The Spasskaya (meaning Saviour's) Tower was erected in 1491 by architect Pietro Antonio Solari. Its construction marked the beginning of the development of the eastern line of the Kremlin fortifications. The tower is located on the site of Frolovskaya Strelnitsa of 1367-1368. Its gates, facing Red Square, have always been the main ceremonial entrance to the Kremlin. They were particularly revered by the people and considered holy. The gates served for departures of the tsar, solemn passages of the patriarch, meeting foreign ambassadors.

The tower has a tetrahedral form and a powerful diverted fighting platform adjoined closely to it and used for protecting the gate entrance. It was closed by a vertical sliding iron grille - herse. If the enemy penetrated the fighting platform, the herses were lowered, and the enemy got locked in a kind of stone trap. The enemy was shot at from the upper gallery of the fighting platform. Even today, the façade of the tower preserves apertures through which chains were passed to raise and lower an especial wooden flooring of the bridge, and grooves in the gate passage through which the metal grille went.  Elevating bridges were lowered from the gate of the fighting platform.

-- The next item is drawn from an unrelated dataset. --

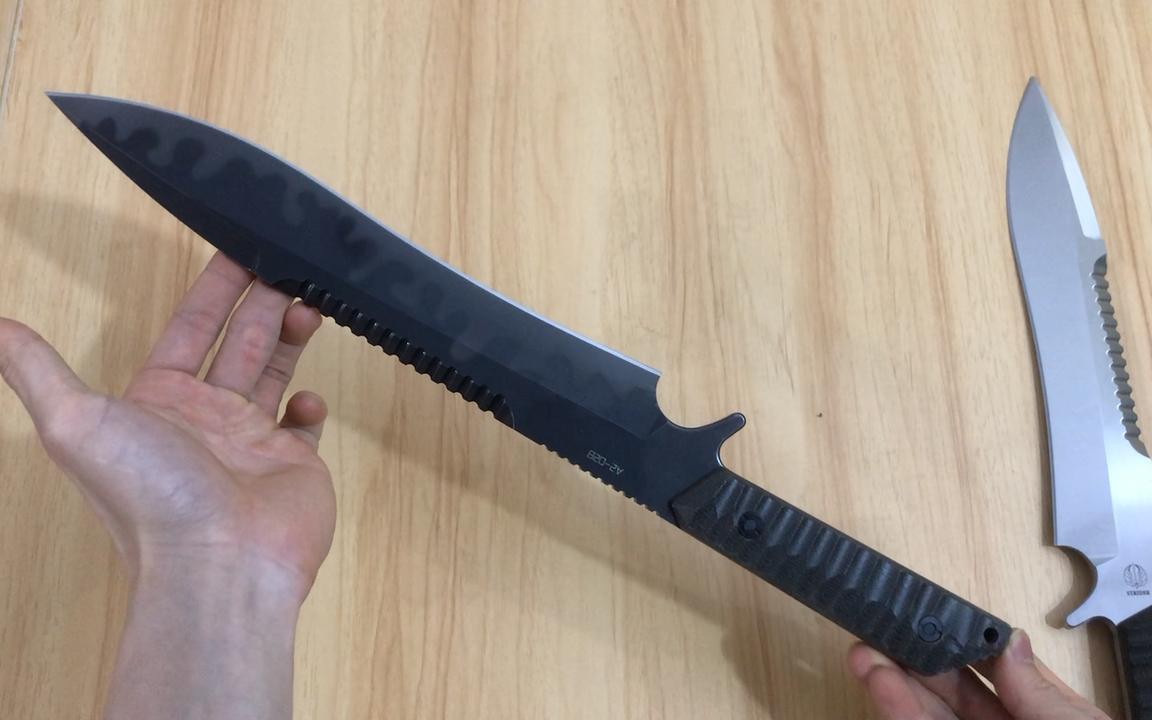 华匠坊--海豹战术长刀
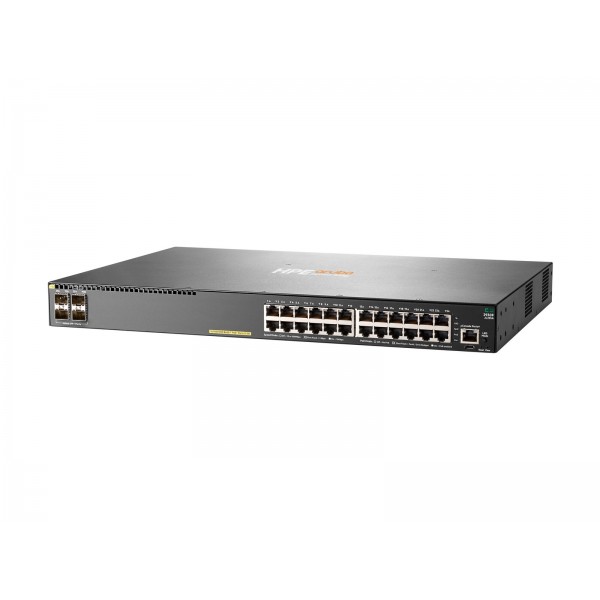 ARUBA 2930F 24G PoE+ 4SFP+ switch (omrežni preklopnik) 370W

Above the gate of the diverted fighting platform and the gates of the Spasskaya Tower from the Kremlin territory, there are inscriptions in Russian and Latin on white-stone boards telling about the time of its construction: "In the summer of 6999 (1491 year - ed.), in July, this tower was made by the grace of God by order of Ivan Vasilievich, Sovereign and Autocrat of all Russia and Grand Prince of Vladimir and Moscow and Novgorod and Pskov and Tver and Ugra and Vyatka and Perm and Bulgaria and others in 30 years of his state, and was made by Peter Antony Solario from Mediolan' (Milan - ed.)".

Originally the tower was called Frolovskaya because of the Church of Sts Frol and Laurus situated close to it in the Kremlin. In 1516 a wooden bridge was thrown across the moat from the tower. At the end of the 16th century, the building had a hipped roof and a double-headed eagle on top. By the decree of Tsar Alexey Mikhailovich dated 16 April 1658, the tower was called Spasskaya. The new name was connected with the icon of Christ of Edessa placed over the gates from the side of Red Square. The icon itself has not survived, but the place where it hung is clearly seen.

In 1624-1625 the Russian architect Bazhen Ogurtsov and the English master Christopher Galloway erected a multi-tiered top above the tower, finishing with a stone marquee. It was the first hipped roof among the Kremlin towers. The lower part of the building was decorated with a white-stone chiselled arched belt, turrets, and pyramids. There appeared fantastic figures whose nudity was bashfully covered with specially sewn clothes by order of Tsar Mikhail Fyodorovich. The tower was rightly considered the most beautiful and harmonious tower of the Kremlin. Unfortunately, when it was under reconstruction, the white-stone reliefs by V. Yermolin, made for the Frolovskye Gate in the time of Dmitry Donskoy, were removed from its façades. They depicted the patrons of the Moscow princes - St George the Victorious and St Dmitry Solunsky. (A fragment of the relief of St George is stored today in the Tretyakov Gallery).

In the 17th century, a stone arch bridge was thrown across the moat to the Spasskaya Tower gates, on which a lively trade took place. In the 1650s, the hipped roof of the main tower of the Kremlin was topped with the coat of arms of the Russian state — a two-headed eagle. Later, similar coats of arms were placed on the highest towers - Nikolskaya, Trotskaya and Borovitskaya.

The first clock on the Spasskaya Tower was installed according to the design of Christopher Galloway. In 1707 the Dutch chimes with music replaced them. In 1763 the clock was replaced again, and in 1851 those chimes underwent total repair by brothers N.N. and I.N. Butenop. In 1920, during the reconstruction of the Spasskaya Tower, the musician M.M. Cheremnykh and the mechanic N.V. Behrens, having repaired the clock, picked out a tune of the International on the chimes.

The star on the Spasskaya Tower was first installed in 1935. A new one with a wingspan of 3.75 metres was placed there in 1937. A lamp with a power of 5000 watts burns 24 hours a day inside the star. The star rotates in the wind like a weather vane.

The Spasskaya Tower has ten floors.

Its height until the star is 67.3 metres, with the star - 71 meters.